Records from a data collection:
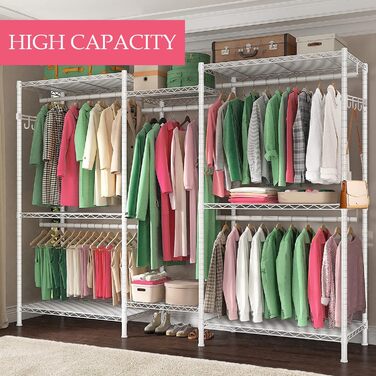 Металевий стійка для одягу з гачками, до 376 кг, 187 x 44 x 194 см, білий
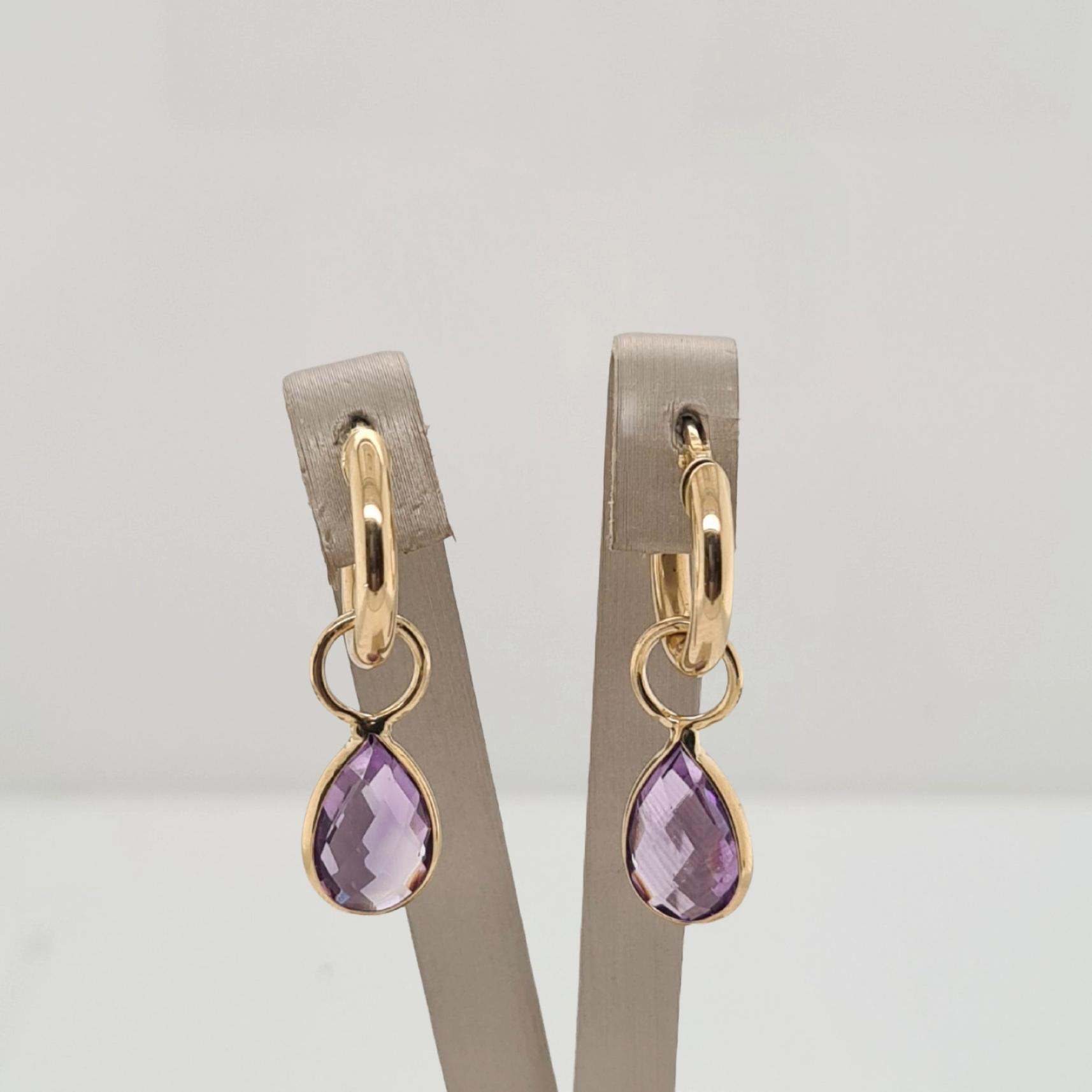 14krt gouden oorbedels met amethyst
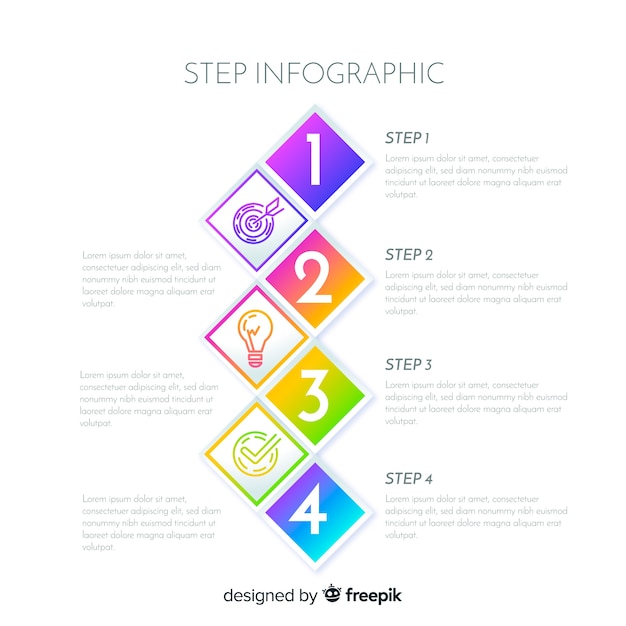 Vecteur gratuit étape infographique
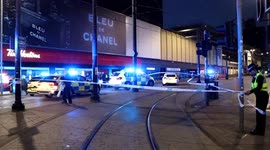 *Warning Graphic Footage* One man has been rushed to hospital following around 10 men pursuing the victim before stabbing him in the legs. In Manchester, England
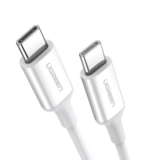 Cable USB-C a USB-C | 1 Metro | Carga Rápida de hasta 60W | Transferencia de datos de 480 Mbps | PD3.0 | QC 4.0/3.0/2.0 | FPC | AFC | Duradero y Flexible| Caja ABS | Cubierta de TPE | Color Blanco.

ACTIVITY = When the line containing "In Manchester, England" is reached, write out that line and each one after it exactly, ending with the last line of the records; pictures are not copied.

RESULT OF THE TASK =
 *Warning Graphic Footage* One man has been rushed to hospital following around 10 men pursuing the victim before stabbing him in the legs. In Manchester, England
 Cable USB-C a USB-C | 1 Metro | Carga Rápida de hasta 60W | Transferencia de datos de 480 Mbps | PD3.0 | QC 4.0/3.0/2.0 | FPC | AFC | Duradero y Flexible| Caja ABS | Cubierta de TPE | Color Blanco.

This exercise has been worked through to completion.